In [None]:
import sys
import pandas as pd
from sqlalchemy import create_engine

def load_data(messages_filepath, categories_filepath):
    """
    Load messages and categories data from filepaths and merge them into a single dataframe.
    
    Args:
        messages_filepath (str): Filepath of the messages data.
        categories_filepath (str): Filepath of the categories data.
    
    Returns:
        df (pandas.DataFrame): Merged dataframe of messages and categories.
    """
    messages = pd.read_csv(messages_filepath)
    categories = pd.read_csv(categories_filepath)
    df = pd.merge(messages, categories, on='id')
    return df

def clean_data(df):
    """
    Clean the merged dataframe by splitting the categories column into separate, clearly named columns,
    converting values to binary, and dropping duplicates.
    
    Args:
        df (pandas.DataFrame): Merged dataframe of messages and categories.
    
    Returns:
        df (pandas.DataFrame): Cleaned dataframe.
    """
    categories = df['categories'].str.split(';', expand=True)
    row = categories.iloc[0]
    category_colnames = row.apply(lambda x: x[:-2])
    categories.columns = category_colnames
    
    for column in categories:
        categories[column] = categories[column].str[-1]
        categories[column] = categories[column].astype(int)
    
    df = df.drop('categories', axis=1)
    df = pd.concat([df, categories], axis=1)
    df = df.drop_duplicates()
    
    return df



In [2]:
import numpy as np
import pandas as pd


In [11]:
messages = pd.read_csv("disaster_messages.csv")
categories = pd.read_csv("disaster_categories.csv")
df = pd.merge(messages, categories, on='id')
print(df.columns)

Index(['id', 'message', 'original', 'genre', 'categories'], dtype='object')


In [8]:
categories = df['categories'].str.split(';', expand=True)
row = categories.iloc[0]
category_colnames = row.apply(lambda x: x[:-2])
categories.columns = category_colnames

for column in categories:
    categories[column] = categories[column].str[-1]
    categories[column] = categories[column].astype(int)

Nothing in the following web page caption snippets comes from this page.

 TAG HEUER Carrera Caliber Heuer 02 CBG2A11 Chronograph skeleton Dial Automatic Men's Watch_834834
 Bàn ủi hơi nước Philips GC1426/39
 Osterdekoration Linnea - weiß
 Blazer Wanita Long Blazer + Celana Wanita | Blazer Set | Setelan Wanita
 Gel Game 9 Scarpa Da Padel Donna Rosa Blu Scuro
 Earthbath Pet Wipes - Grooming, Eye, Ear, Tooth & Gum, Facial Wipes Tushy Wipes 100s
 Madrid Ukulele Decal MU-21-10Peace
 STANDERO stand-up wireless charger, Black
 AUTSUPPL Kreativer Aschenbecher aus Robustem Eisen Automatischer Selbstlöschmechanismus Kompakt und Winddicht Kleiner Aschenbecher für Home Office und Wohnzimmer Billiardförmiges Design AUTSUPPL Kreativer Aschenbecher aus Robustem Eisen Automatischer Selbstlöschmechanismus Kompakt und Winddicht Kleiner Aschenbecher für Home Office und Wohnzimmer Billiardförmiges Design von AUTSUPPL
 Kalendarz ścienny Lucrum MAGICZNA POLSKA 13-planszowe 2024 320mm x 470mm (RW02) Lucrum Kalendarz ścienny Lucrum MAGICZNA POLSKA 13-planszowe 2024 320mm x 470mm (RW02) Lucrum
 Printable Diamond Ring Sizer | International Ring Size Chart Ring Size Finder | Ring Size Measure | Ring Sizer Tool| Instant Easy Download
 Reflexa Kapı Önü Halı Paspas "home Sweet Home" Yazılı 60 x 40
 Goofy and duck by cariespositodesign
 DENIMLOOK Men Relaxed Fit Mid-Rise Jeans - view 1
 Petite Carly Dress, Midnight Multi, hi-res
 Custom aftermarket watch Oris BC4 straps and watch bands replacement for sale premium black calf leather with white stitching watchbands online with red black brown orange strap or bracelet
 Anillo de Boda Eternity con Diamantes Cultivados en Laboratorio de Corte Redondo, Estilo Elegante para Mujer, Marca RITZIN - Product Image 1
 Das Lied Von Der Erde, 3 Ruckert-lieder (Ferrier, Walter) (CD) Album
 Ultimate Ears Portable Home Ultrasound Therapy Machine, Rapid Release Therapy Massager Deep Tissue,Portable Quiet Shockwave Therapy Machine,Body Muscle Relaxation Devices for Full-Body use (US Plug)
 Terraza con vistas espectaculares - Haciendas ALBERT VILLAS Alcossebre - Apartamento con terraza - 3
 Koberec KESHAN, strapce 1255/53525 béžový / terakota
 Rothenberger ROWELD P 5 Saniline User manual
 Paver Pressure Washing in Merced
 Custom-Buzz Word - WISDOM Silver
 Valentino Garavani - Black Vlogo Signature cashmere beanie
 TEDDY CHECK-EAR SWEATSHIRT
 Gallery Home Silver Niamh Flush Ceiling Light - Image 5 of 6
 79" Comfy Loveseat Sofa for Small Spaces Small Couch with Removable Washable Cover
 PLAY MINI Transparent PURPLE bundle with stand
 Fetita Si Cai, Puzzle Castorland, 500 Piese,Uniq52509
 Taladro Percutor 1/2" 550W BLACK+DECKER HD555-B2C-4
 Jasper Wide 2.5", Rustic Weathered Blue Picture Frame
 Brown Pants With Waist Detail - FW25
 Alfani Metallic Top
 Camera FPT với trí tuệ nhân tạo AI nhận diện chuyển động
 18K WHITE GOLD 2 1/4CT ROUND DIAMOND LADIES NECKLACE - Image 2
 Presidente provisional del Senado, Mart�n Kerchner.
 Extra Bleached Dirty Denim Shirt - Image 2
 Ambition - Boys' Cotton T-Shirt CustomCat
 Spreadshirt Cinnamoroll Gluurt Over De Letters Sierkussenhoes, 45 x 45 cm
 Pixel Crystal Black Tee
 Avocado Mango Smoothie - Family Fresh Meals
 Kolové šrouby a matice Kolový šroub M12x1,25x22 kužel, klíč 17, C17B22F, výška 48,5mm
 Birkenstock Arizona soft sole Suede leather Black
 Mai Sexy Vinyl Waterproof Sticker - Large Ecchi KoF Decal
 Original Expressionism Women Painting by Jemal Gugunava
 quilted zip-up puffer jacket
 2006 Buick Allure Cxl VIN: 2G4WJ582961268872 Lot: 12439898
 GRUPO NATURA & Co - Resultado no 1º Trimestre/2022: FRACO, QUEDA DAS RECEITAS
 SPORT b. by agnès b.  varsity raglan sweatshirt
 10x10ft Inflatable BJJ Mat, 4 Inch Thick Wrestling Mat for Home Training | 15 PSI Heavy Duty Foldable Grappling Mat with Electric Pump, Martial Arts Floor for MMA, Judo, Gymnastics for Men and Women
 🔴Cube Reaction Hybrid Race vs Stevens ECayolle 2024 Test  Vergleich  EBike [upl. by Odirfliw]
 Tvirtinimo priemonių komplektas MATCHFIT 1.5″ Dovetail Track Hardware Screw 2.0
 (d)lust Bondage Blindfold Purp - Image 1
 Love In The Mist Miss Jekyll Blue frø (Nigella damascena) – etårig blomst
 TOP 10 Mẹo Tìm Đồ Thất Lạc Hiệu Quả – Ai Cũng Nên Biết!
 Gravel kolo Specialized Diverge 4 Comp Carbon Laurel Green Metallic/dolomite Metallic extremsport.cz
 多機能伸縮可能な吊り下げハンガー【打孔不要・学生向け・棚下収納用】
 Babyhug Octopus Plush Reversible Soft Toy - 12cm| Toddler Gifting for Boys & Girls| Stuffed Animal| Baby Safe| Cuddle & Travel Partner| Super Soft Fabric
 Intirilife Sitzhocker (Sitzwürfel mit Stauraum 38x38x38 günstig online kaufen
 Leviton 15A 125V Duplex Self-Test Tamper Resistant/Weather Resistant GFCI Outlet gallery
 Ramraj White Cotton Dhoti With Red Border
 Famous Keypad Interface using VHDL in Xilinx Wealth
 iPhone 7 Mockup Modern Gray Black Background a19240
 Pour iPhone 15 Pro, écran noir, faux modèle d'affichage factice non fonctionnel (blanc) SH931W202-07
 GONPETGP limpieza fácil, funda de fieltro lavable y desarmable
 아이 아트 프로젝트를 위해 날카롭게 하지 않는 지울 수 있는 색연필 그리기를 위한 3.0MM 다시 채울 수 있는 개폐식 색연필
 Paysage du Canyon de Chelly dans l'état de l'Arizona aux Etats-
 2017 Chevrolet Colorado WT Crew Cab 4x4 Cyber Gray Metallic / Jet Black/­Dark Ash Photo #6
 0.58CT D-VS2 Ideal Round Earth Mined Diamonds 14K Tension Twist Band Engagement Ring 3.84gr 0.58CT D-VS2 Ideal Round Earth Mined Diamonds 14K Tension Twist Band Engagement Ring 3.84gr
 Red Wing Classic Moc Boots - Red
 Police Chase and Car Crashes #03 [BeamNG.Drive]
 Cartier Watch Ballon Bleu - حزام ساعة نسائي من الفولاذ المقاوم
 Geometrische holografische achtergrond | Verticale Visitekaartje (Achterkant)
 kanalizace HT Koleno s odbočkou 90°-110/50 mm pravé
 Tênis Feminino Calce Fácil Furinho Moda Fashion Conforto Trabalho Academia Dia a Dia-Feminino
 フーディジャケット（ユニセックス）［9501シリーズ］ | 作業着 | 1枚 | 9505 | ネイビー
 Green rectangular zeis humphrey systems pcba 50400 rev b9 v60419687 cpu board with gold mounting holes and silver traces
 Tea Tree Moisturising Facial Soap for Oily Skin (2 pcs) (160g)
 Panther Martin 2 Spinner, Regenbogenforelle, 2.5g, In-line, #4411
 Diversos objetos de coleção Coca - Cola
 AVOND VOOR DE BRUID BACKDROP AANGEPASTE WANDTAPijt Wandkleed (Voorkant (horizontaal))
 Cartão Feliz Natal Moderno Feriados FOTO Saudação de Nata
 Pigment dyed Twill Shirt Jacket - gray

# Change the value of 2 to 1 in the "related" column
categories['related'] = categories['related'].replace(2, 1)

df = df.drop('categories', axis=1)
df = pd.concat([df, categories], axis=1)
df = df.drop_duplicates()

print(df.columns)

Index(['id', 'message', 'original', 'genre', 'related', 'request', 'offer',
       'aid_related', 'medical_help', 'medical_products', 'search_and_rescue',
       'security', 'military', 'child_alone', 'water', 'food', 'shelter',
       'clothing', 'money', 'missing_people', 'refugees', 'death', 'other_aid',
       'infrastructure_related', 'transport', 'buildings', 'electricity',
       'tools', 'hospitals', 'shops', 'aid_centers', 'other_infrastructure',
       'weather_related', 'floods', 'storm', 'fire', 'earthquake', 'cold',
       'other_weather', 'direct_report'],
      dtype='object')


In [9]:
df.related.unique()

array([1, 0])

In [12]:
# method 2
categories = df['categories'].str.split(';', expand=True)
row = categories.iloc[0]
category_colnames = row.apply(lambda x: x[:-2])
categories.columns = category_colnames

# for column in categories:
#     categories[column] = categories[column].str[-1]
#     categories[column] = categories[column].astype(int)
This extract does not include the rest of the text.